# tournament experience



## Derek777 (Apr 27, 2008)

well, i fished my first real tournament on saturday on the northeast river in maryland. i had fished a couple of lunker tourneys at the nock before, but this was my first ever 'official' tournament where you had a five fish limit and a weigh in like the pros etc. 

i fished this as a co angler/non boater, which means i was fishing off the back of a boat. i was lucky to have drawn a boater who was a really nice guy, and also was able to put us in a position to not only find the fish and catch them, but also to fish in an area where i wasnt handicapped by fishing spent water, like fishing docks, pilings etc afer he'd already cast to them. 

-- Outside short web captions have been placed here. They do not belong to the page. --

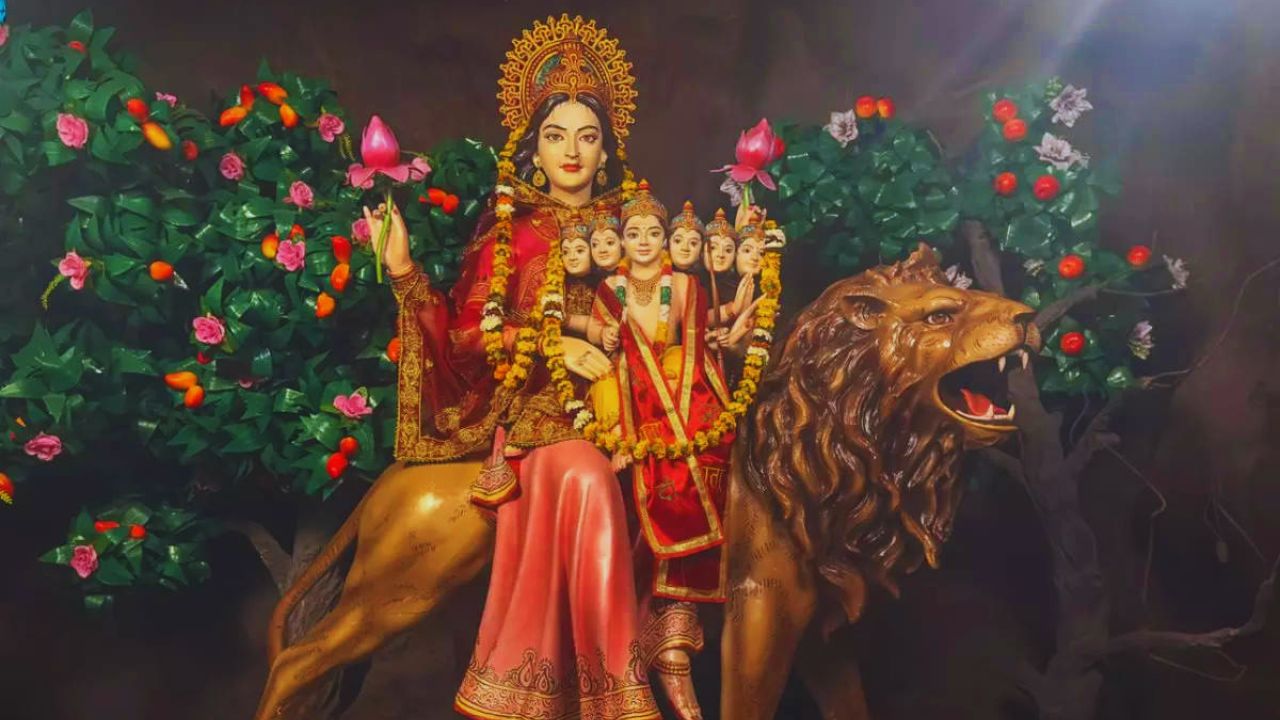 Shardiya Navratri Day 5: पांचवें स्वरूप में मां क्यों कहलाईं स्कंदमाता, पूजन की इस विधि से मिलेगा मनवांछित फल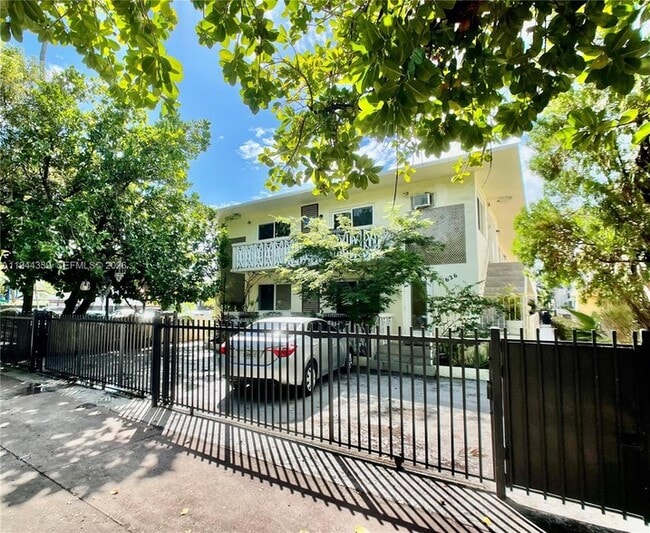 Photo - 626 Meridian Ave Unit 9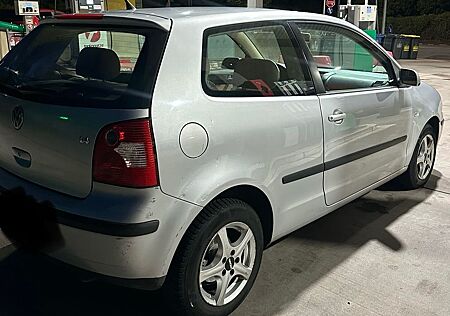 VW Polo Volkswagen 1.4 9N Silber
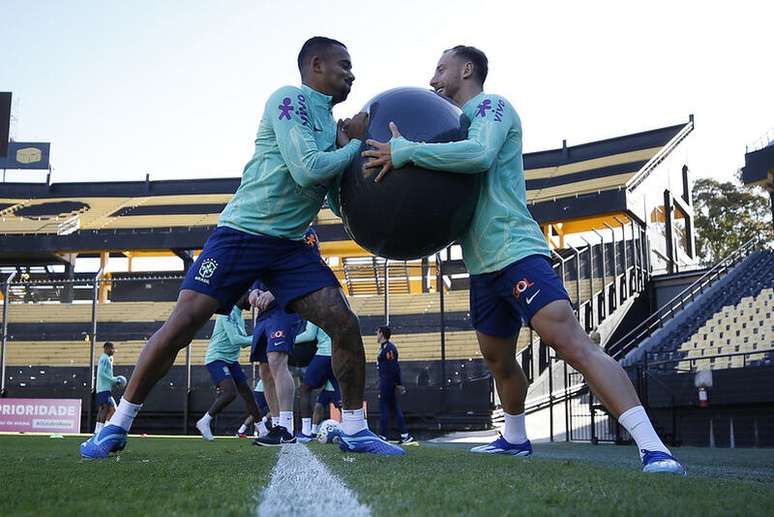 Diniz outlines the team without Arana and Richarlison with an eye on Uruguay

we ended up in a large cove that was a huge weedbed that was just starting to really get thick. i used a ratl-trap and caught 4 of my 5 fish limit on the trap, catching every fish when ripping the trap from the weeds. antoher technique that used to catch my final limit fish was pitching finesse wieghted plastics to individual weed clumps. this is the techinique used by the guy who won the tournament. i weighed my 5 fish in at 12.17 lbs, and finished in 5th place out of 23. i was only .2 lbs out of the money. 

i had a really good time, and came into the tournament with low expectations of a finishing place, but with confidence in my abilities, and with the attitude that if i caught fish it was a bonus, and that i wanted to learn and expand my abilities as an angler. i definitely did that, as my 'confidence' technique is basically finesse fishing, but i was forced by the situation i was presented with to 'power fish', something that i wasnt too experienced with, but definitely wanted to learn so i can expand my abilities as an angler. 

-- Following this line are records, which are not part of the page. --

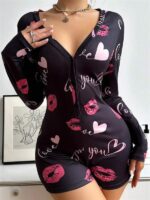 Pamuklu Kırmızı Öpücük ve Kalp Desenli Düğmeli Uzun Kol Tulum Pijama - Görsel 2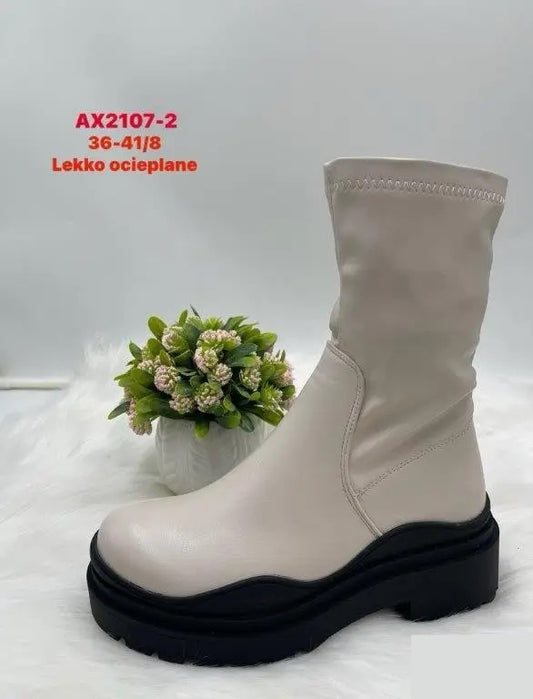 Botki na płaskim- LEKKO OCIEPLANE (36-41, 8par) AX2107-2 BEIGE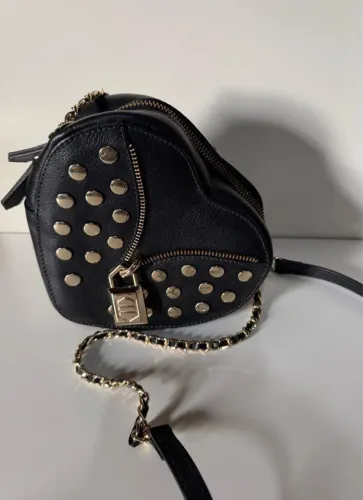Bolsa Arezzo coração 100% couro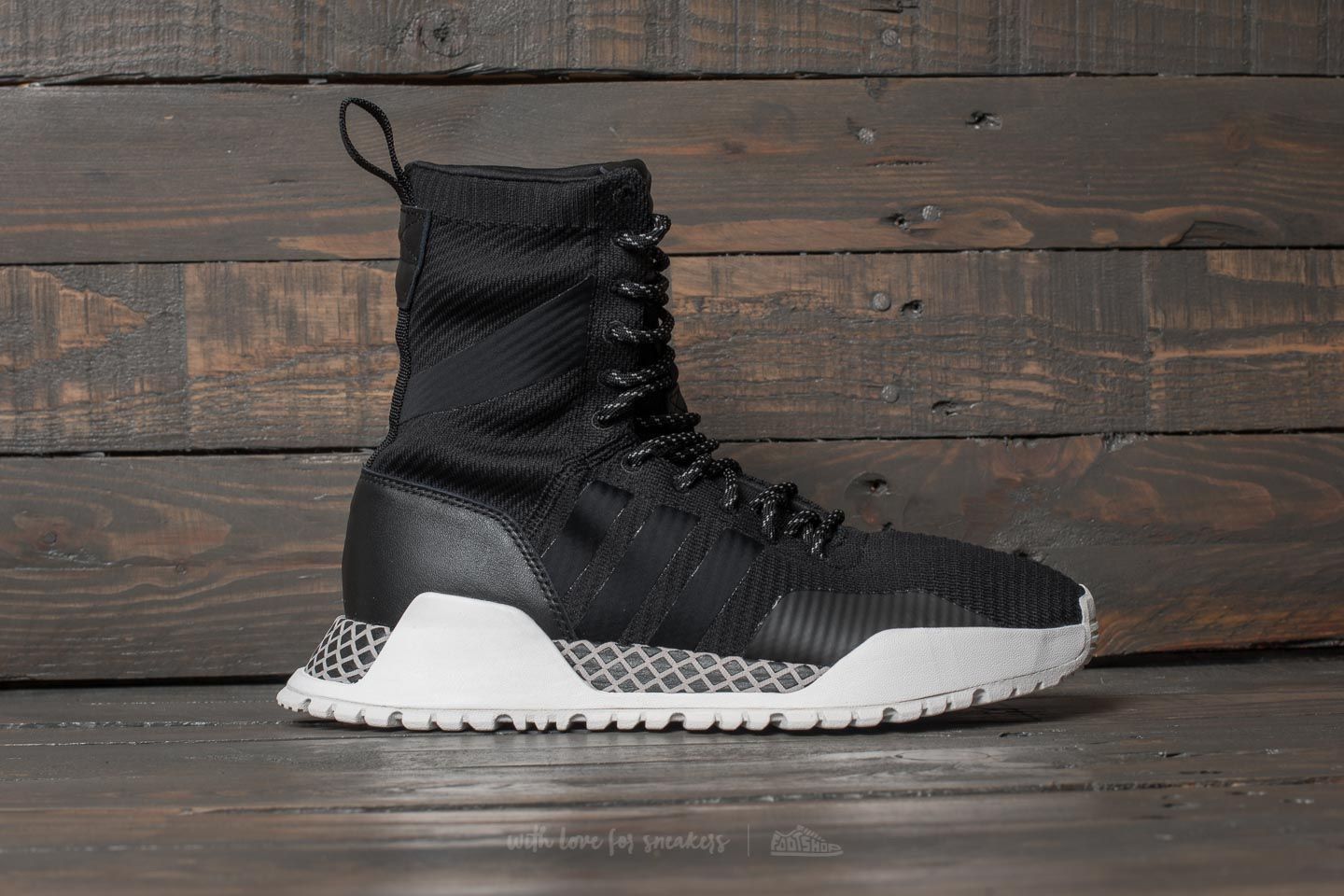 Adidas PRIMKNIT Boot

as a coangler, you are quite limited in the amount of tackle you can bring, as storage is limited to usually a small compartment on the backs of the boats, so i was forced to be quite particular/selective about the tackle i brought, as well as the rods. i brought 5 rods, all of which could serve dual purposes. the rod i relied on most was my otterods custom rippin crankin rod, which was also brought for jerkbaits and light swimbaits. 

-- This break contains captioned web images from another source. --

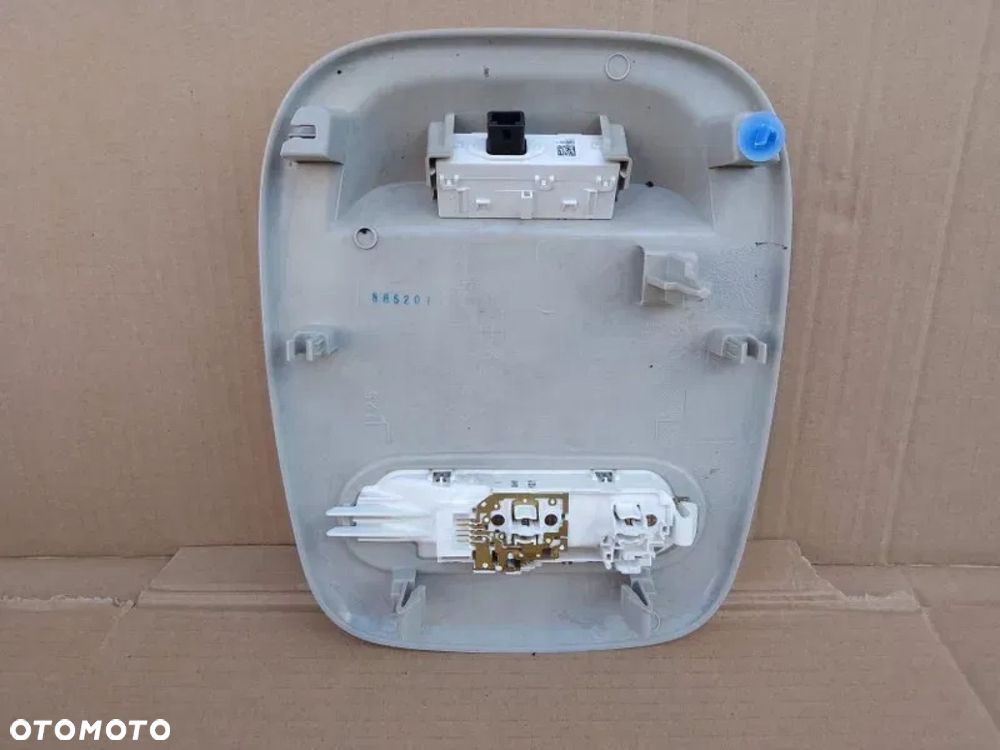 oświetlenie kabiny lampka renault trafic iii vivaro b talento 739483145r - 3
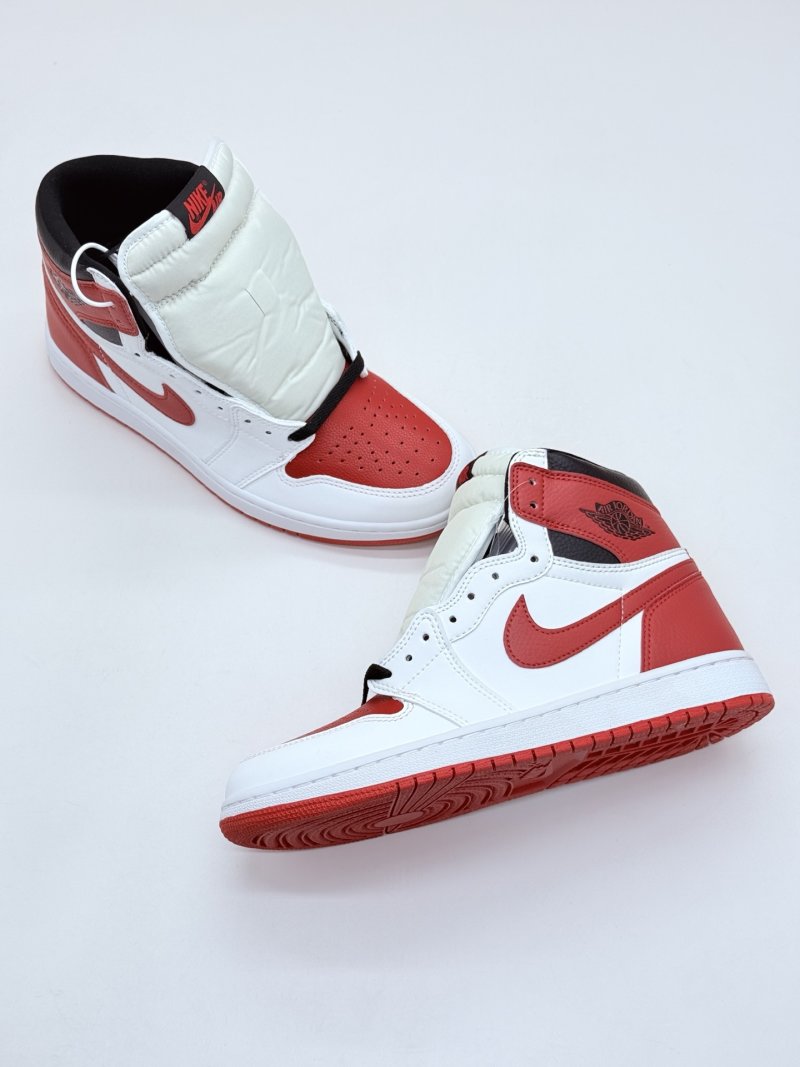 Air Jordan 1 Retro High OG 'Heritage' view
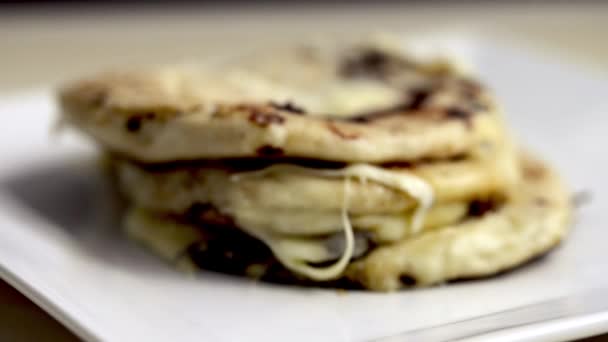 Macro Close Video Salvador Delectable Pupusas Stuffed Mouthwatering Blend Beans — Stock Video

anyways, i got a nice shot of me from the weigh in for my sponsors 
FilthyFishermen Bait Company
CB's Hawg Sauce 
Enhanced Concrete Design/Wagner Contractors 
The Angling Center


----------



## Jim (Apr 27, 2008)

5th place as a non-boater is excellent! Good job Derek! =D> 

Tourney fishing is tough. Allot of ppeople don't realize that its a long non-stop fishing day. You really cant take a break and relax and have a samwich and shoot the shit.


----------



## jkbirocz (Apr 27, 2008)

Congrats Derek, 5th place is awesome for the first tourney. That is one BA shirt you got there too. Nice work. I cannot imagine how hard of decisions you made when downsizing your tackle quantity :lol:


----------



## Gamefisher (Apr 27, 2008)

Congrads on the good finish, and way to represent the Filthy guys!

Matt


----------



## redbug (Apr 27, 2008)

Derek, did a great job and kicked a bunch of quality anglers butts

Here is the full standings and some pictures

https://www.pabasstournaments.com/tx080426.php




Wayne


----------



## little anth (Apr 27, 2008)

nice job congrats and sick shirt


----------



## FishinsMyLife (Apr 27, 2008)

I thought that reverse grip was only for swimbait fish [-X .?. :wink: 

Congrats on your finish!


----------



## Derek777 (Apr 27, 2008)

yeah, well ive co-opted/corrupted it and now its my standard grip. 8)


----------



## Waterwings (Apr 28, 2008)

Great job, Derek! 8) 

Cool shirt also! CB is a regular over at another site I frequent. Were you using his Hawg Sauce?


----------



## shamoo (Apr 28, 2008)

Way to go Derek, pretty good for your first tourneyment especially fishing from that back of the boat.


----------



## mtnman (Apr 28, 2008)

Great post dude!!!! Congrats on a nice finish and thats a cool shirt ya go there.


----------



## G3_Guy (Apr 28, 2008)

Great Job! =D>


----------



## BensalemAngler (Apr 28, 2008)

I like your FilthyFishermen Bait Company shirt


----------



## BassAddict (Apr 28, 2008)

Looking sharp Derek!!! I dig that jersey, nice catching too!!!


----------



## mr.fish (Apr 28, 2008)

Way to represent Derek.


----------



## Derek777 (Apr 28, 2008)

Waterwings said:


> Great job, Derek! 8)
> 
> Cool shirt also! CB is a regular over at another site I frequent. Were you using his Hawg Sauce?



thanks guys!

and yes, i was using his sauce. i used the sassy shad gel on my ratl trap to help it slide through the weeds a bit easier, and also to get the fish to hold on a touch longer, and i used the sassy crawfish sauce on my finesse worms when i was throwing them.
in my humble opinion, it helped for sure as all the fish that hit on the trap were on the front hook, and my big fish had it engulfed. i think it helped numbers wise too, as i caught 5 keepers, plus about 3 or 4 shorts on the sauce, and my boater caught 1 keeper and 2 shorts without. if i remember correctly, he was using megastrike.


----------



## slim357 (Apr 28, 2008)

5th place is a nice way to start, how many more tourneys are you fishin this year? Also I cant remember but didnt you say somethign about one being on the potomac, if so that pitching finesse wieghted plastics to individual weed clumps might have been good practice.


----------



## den (Apr 29, 2008)

great job, derek!!!!

are we gonna see you again this saturday????

tight lines, den


----------



## Nickk (Apr 29, 2008)

Wow,
You kicked some serious buttocks.

nicely done


----------



## Jim (Apr 29, 2008)

den said:


> great job, derek!!!!
> 
> are we gonna see you again this saturday????
> 
> tight lines, den




:WELCOME:

Thanks for joining!

Jim


----------



## den (Apr 30, 2008)

thanks jim


----------